PROBLEM
Copy every entry below exactly, and keep out the pictures.

TASK INPUT
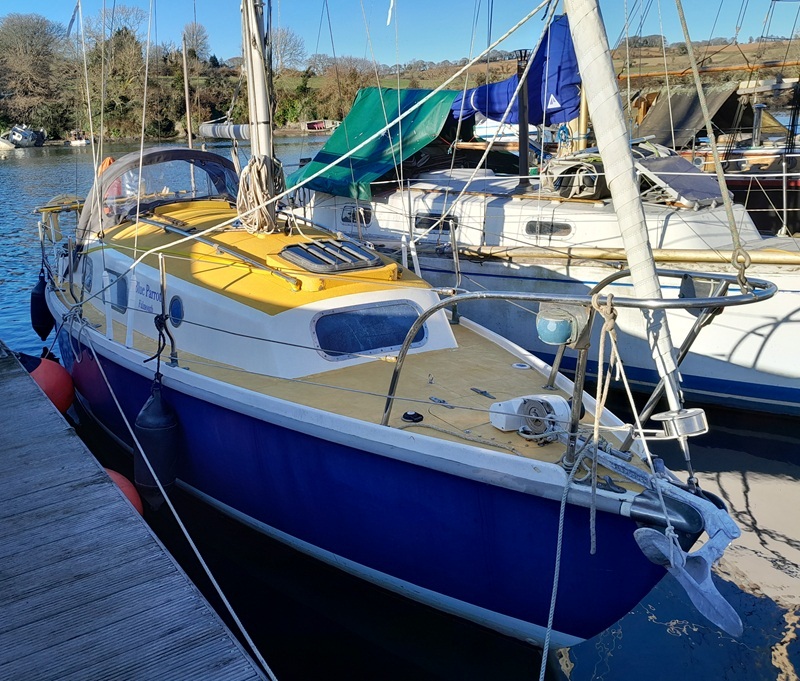 Kingfisher 26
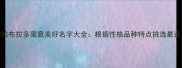 最受欢迎的拉布拉多寓意美好名字大全根据性格品种特点挑选最适合的宠物名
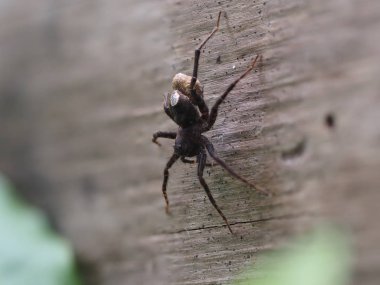 Örümcek ağda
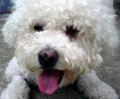cute puppy ;)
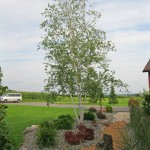 Cluster of birch trees among other plants and stones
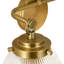 Applique murale 1 lumière globe en verre nervuré-36261014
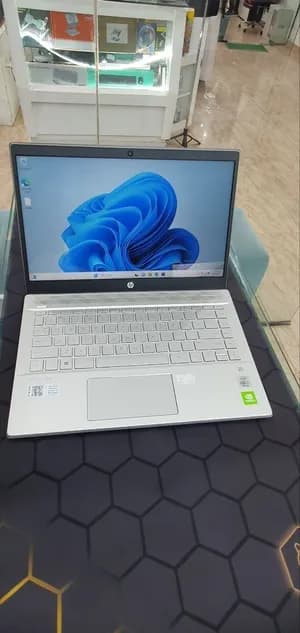 HP Pavilion i7 10th Gen Laptop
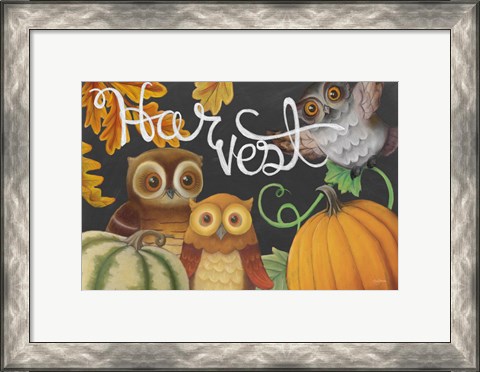 Framed Harvest Owl IV Print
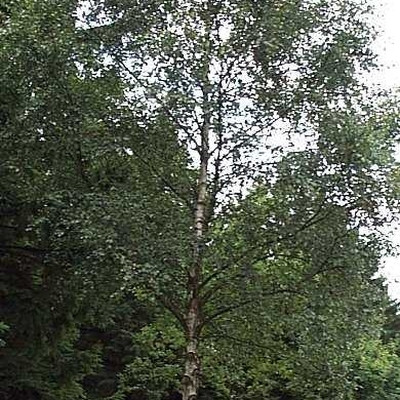 Betula pendula (verrucosa) (Vortebirk) Salgsh.: 40-60 cm. (Barrodet bdt m/25 stk)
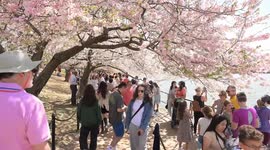 US: Cherry blossoms reach peak bloom at Washington’s Tidal Basin, drawing crowds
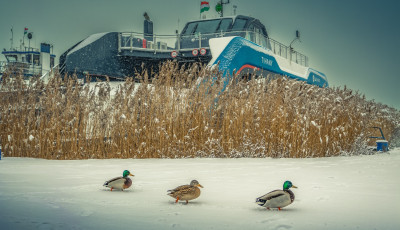 Szombatt&oacute;l j&ouml;n az &uuml;nnepi kompmenetrend
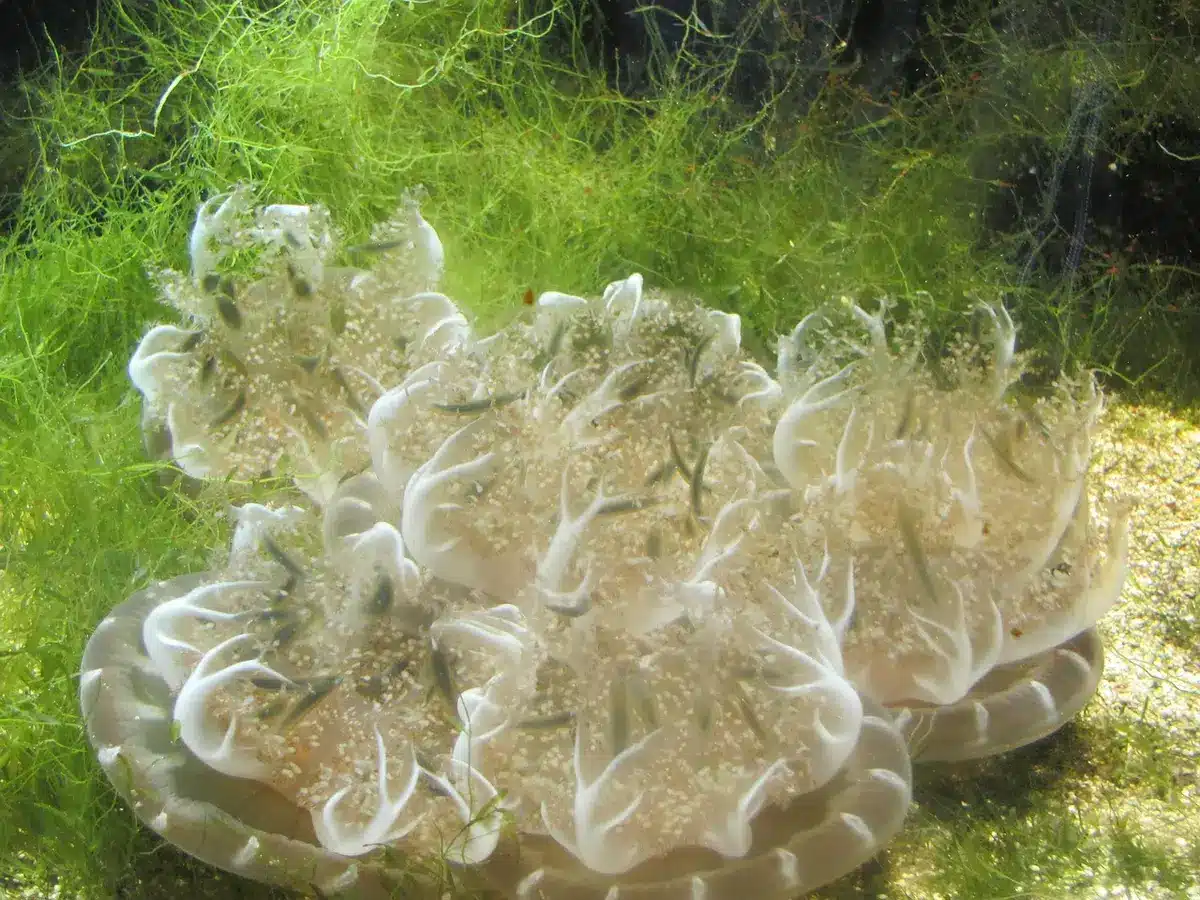 Herbier sous-marin dans une zone de protection intégrale
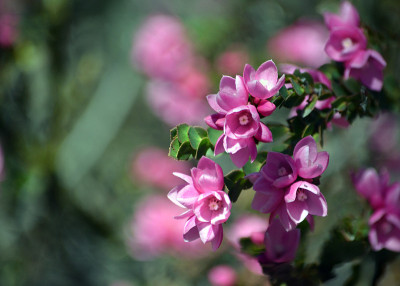 澳大利亚本土玫瑰的粉红色花朵，Boronia serrulata, Rutaceae科，皇家国家公园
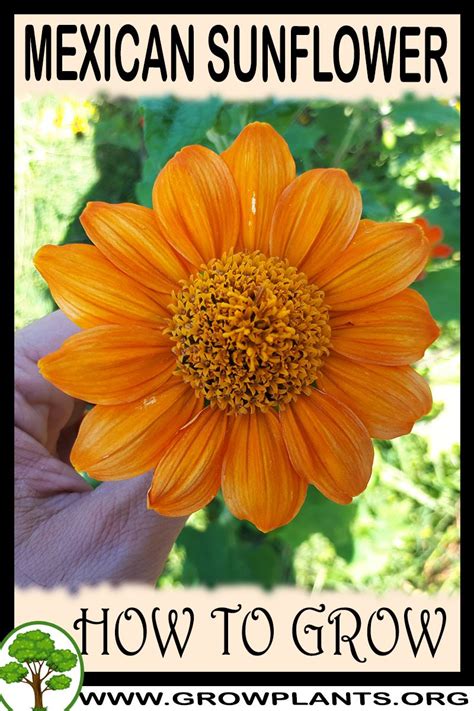 Mexican sunflower - How to grow & care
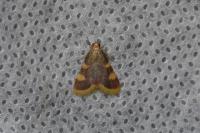 Hypsopygia costalis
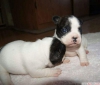 2aylk satlk french bulldog yavrular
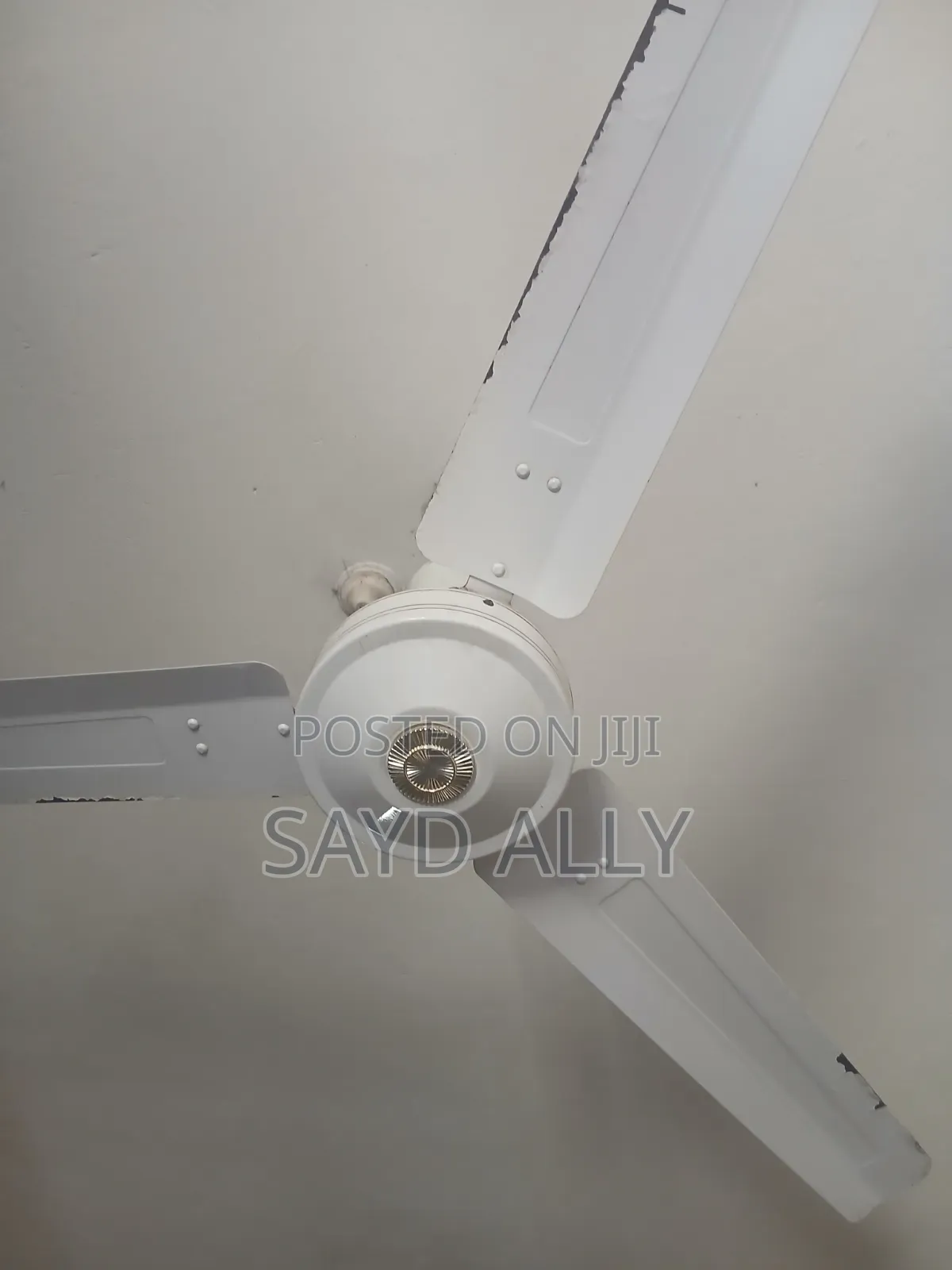 Ceiling Fan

SOLUTION TO THIS TASK
 Kingfisher 26
 最受欢迎的拉布拉多寓意美好名字大全根据性格品种特点挑选最适合的宠物名
 Örümcek ağda
cute puppy ;)
 Cluster of birch trees among other plants and stones
 Applique murale 1 lumière globe en verre nervuré-36261014
 HP Pavilion i7 10th Gen Laptop
 Framed Harvest Owl IV Print
 Betula pendula (verrucosa) (Vortebirk) Salgsh.: 40-60 cm. (Barrodet bdt m/25 stk)
 US: Cherry blossoms reach peak bloom at Washington’s Tidal Basin, drawing crowds
 Szombatt&oacute;l j&ouml;n az &uuml;nnepi kompmenetrend
 Herbier sous-marin dans une zone de protection intégrale
 澳大利亚本土玫瑰的粉红色花朵，Boronia serrulata, Rutaceae科，皇家国家公园
 Mexican sunflower - How to grow & care
 Hypsopygia costalis
 2aylk satlk french bulldog yavrular
 Ceiling Fan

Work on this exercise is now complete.